_Exercise_
Retype the whole listing, please, keeping every line exact and dropping the pictures.

_Information provided_
------------------------------------------------------------

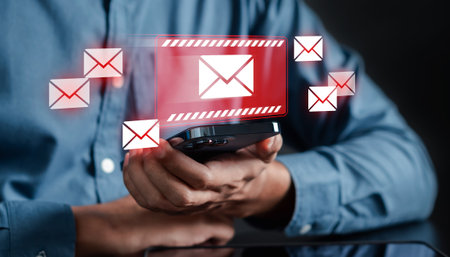 Alert Email inbox and spam virus with warning caution for notification on internet letter security protect, junk and trash mail and compromised information.の写真素材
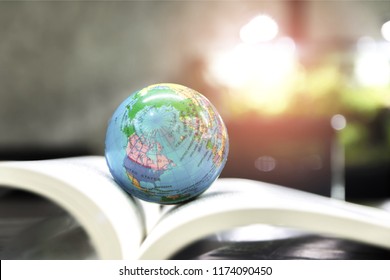 World globe on text book.    
International education school Concept. Distance learning online education. 
Stay home safe lives of Coronavirus or covid disease stop outbreak. 2019 nCov.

------------------------------------------------------------

_Solution for this problem_
 Alert Email inbox and spam virus with warning caution for notification on internet letter security protect, junk and trash mail and compromised information.の写真素材
 World globe on text book.    
International education school Concept. Distance learning online education. 
Stay home safe lives of Coronavirus or covid disease stop outbreak. 2019 nCov.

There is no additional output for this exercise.